== Task ==
While you copy the lines below, skip the pictures and keep the rest exact.

== Data provided ==
Content starts

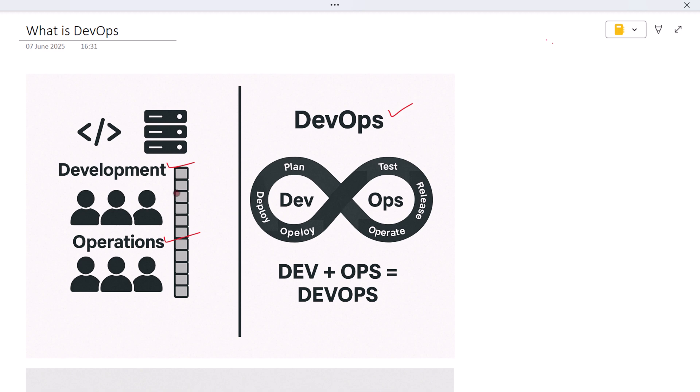This means working together from writing code to testing it, to deploying and monitoring it in production.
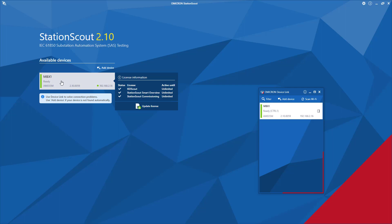We basically need to connect the StationsCode software-installed PC to the control port of the MBX1 — either directly or via Ethernet fiber in between. In case you find a different color code instead of green, you can always use the Omicron Device Link software application, which installs together with the latest version of StationsCode. You can launch Omicron Device Link from the Start menu or from the StationsCode home screen, where you can manage the IP address of the control port.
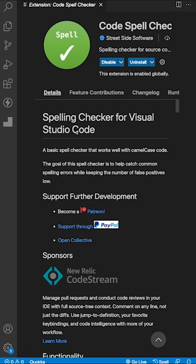It can be embarrassing because you may have other developers going through your code, such as your JavaScript file, and there's just a bunch of grammatical errors within your comments or function names. One way we can avoid this is by using an extension called Code Spellcheck by Streetside Software.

Content ends

== Exercise result ==
This means working together from writing code to testing it, to deploying and monitoring it in production.
We basically need to connect the StationsCode software-installed PC to the control port of the MBX1 — either directly or via Ethernet fiber in between. In case you find a different color code instead of green, you can always use the Omicron Device Link software application, which installs together with the latest version of StationsCode. You can launch Omicron Device Link from the Start menu or from the StationsCode home screen, where you can manage the IP address of the control port.
It can be embarrassing because you may have other developers going through your code, such as your JavaScript file, and there's just a bunch of grammatical errors within your comments or function names. One way we can avoid this is by using an extension called Code Spellcheck by Streetside Software.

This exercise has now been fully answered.